▶ **What is required**
Only one stretch of the data below is needed: the line with "Apartments Peloza Пореч Екстериор снимка" through the last line. Output it exactly and drop the pictures.
************
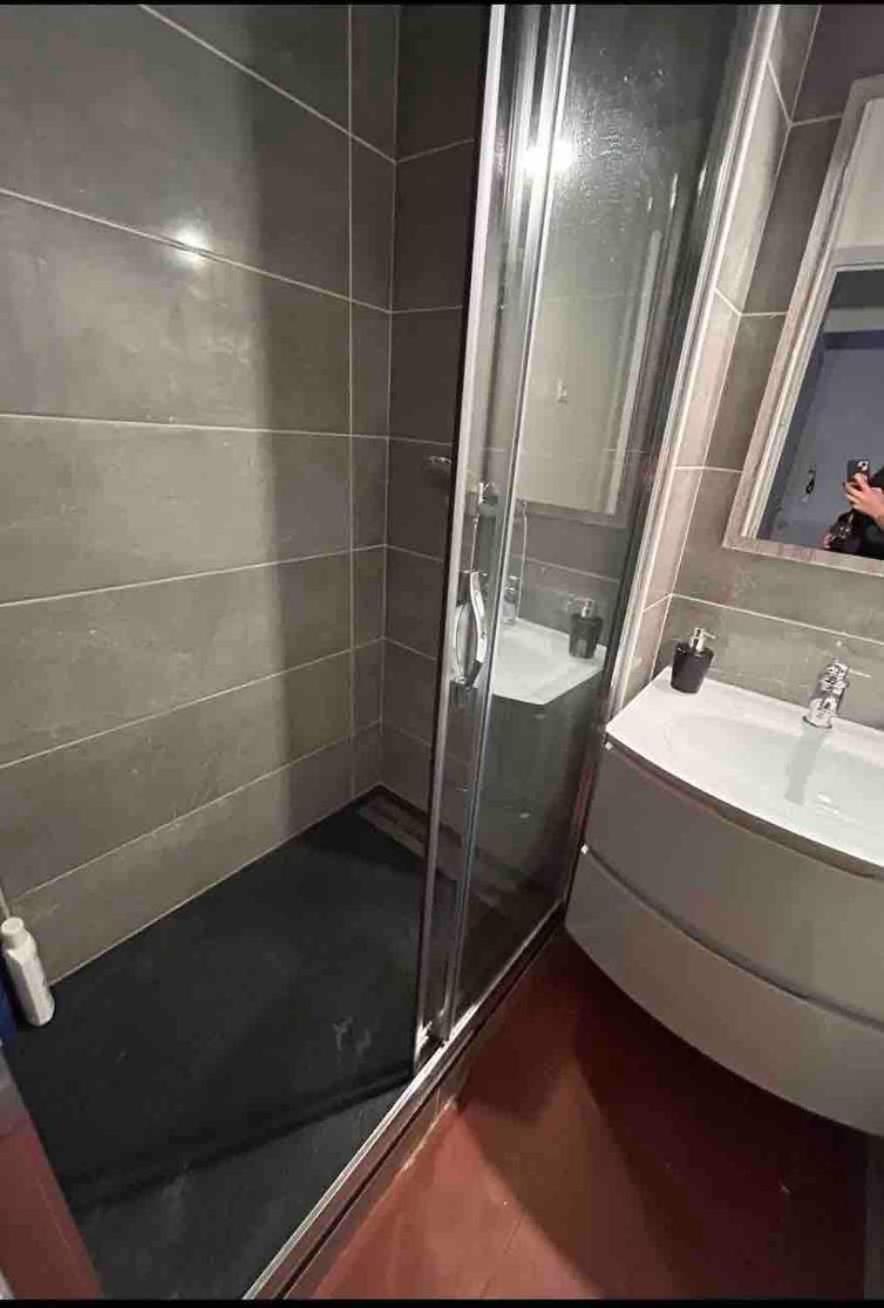 Grand Appartement De 100M2 -Allee Paul Riquet Beziers - 4Chambres - Wifi- Tv Connectee Kültér fotó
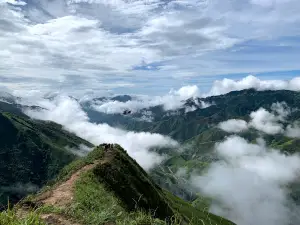 Sống Lưng Khủng Long - điểm Săn Mây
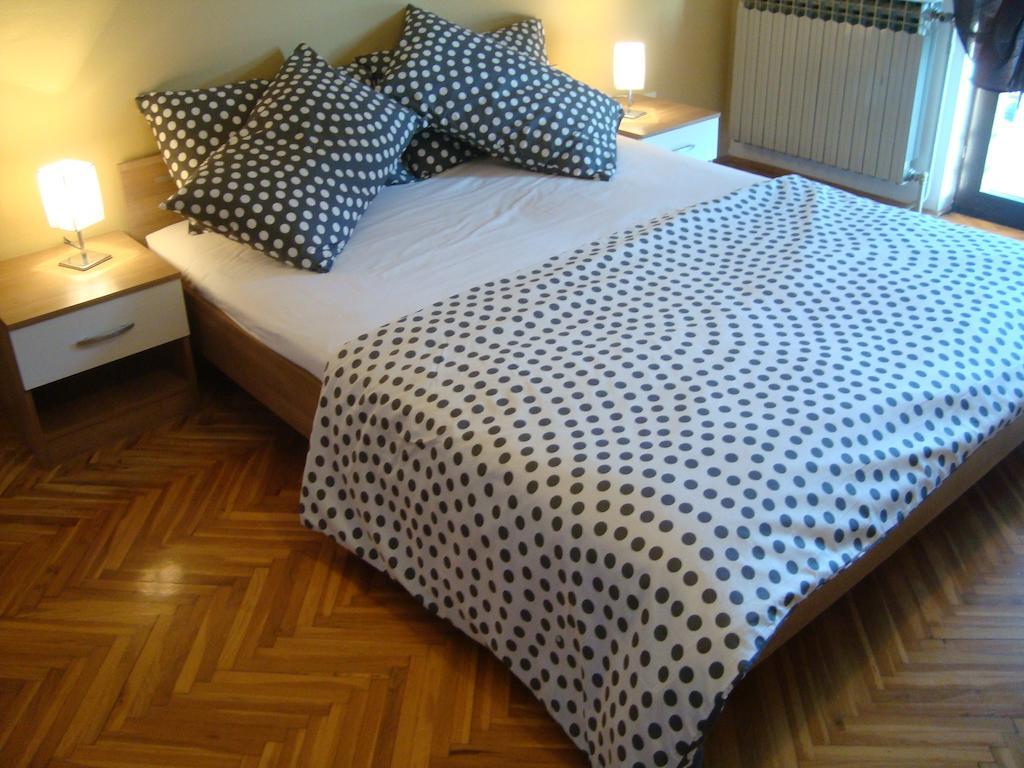 Apartments Peloza Пореч Екстериор снимка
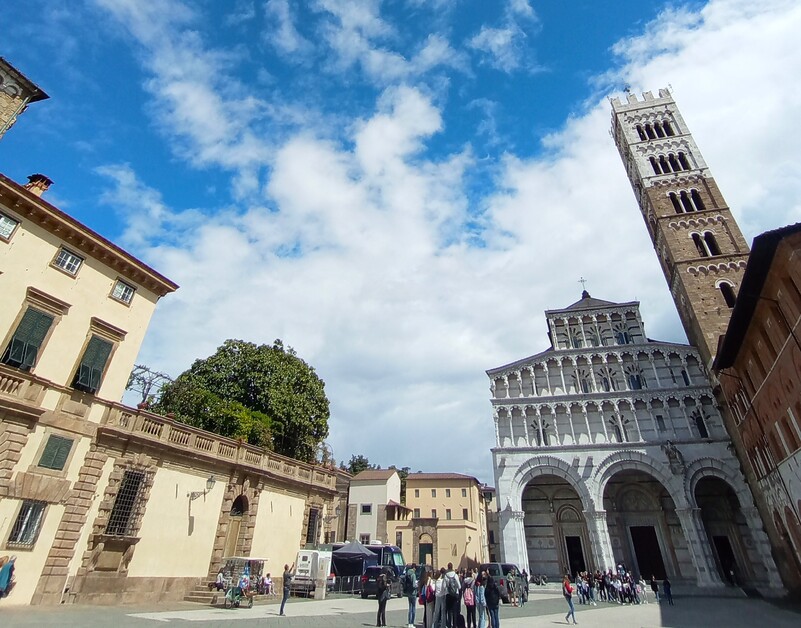 Amy McPherson goes in search of Puccini in Lucca and Viareggio on a bike and walking tour.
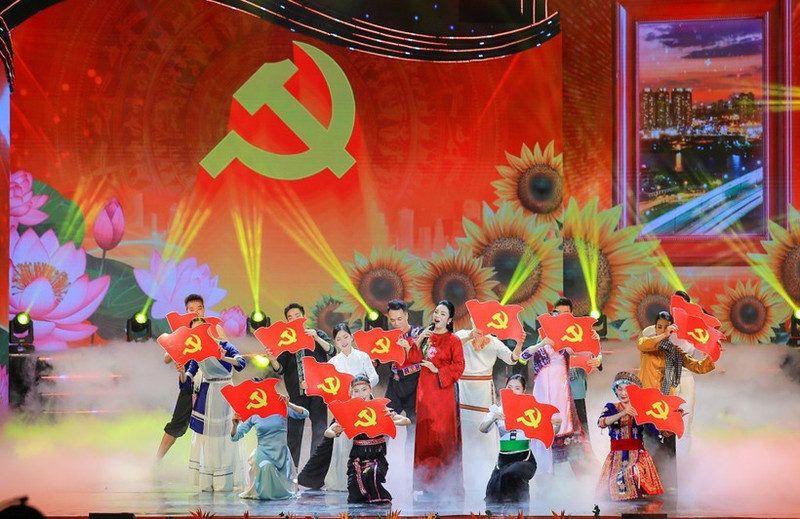 Une représentation dans le cadre du programme politico-artistique intitulé « Duong lên phia truoc » (La voie à suivre), à Hanoï, le 4 février. Photo : VNA.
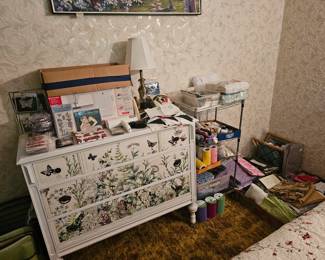 NICE DRESSER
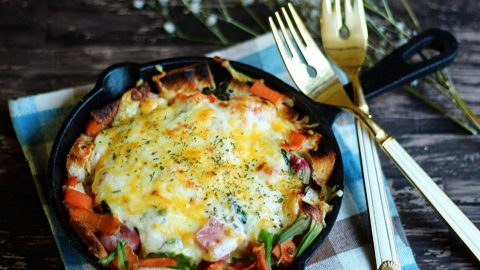 スキレットで食べきりパングラタン［読者投稿記事］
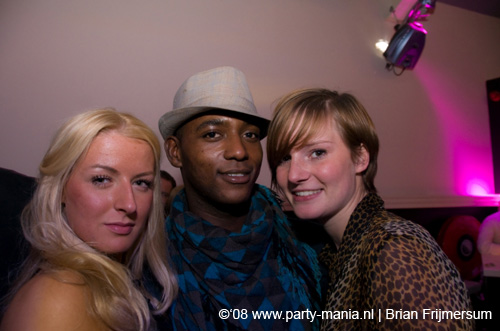 081212_032_leparis_partymania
************
▶ **Output of the exercise**
 Apartments Peloza Пореч Екстериор снимка
 Amy McPherson goes in search of Puccini in Lucca and Viareggio on a bike and walking tour.
 Une représentation dans le cadre du programme politico-artistique intitulé « Duong lên phia truoc » (La voie à suivre), à Hanoï, le 4 février. Photo : VNA.
 NICE DRESSER
 スキレットで食べきりパングラタン［読者投稿記事］
 081212_032_leparis_partymania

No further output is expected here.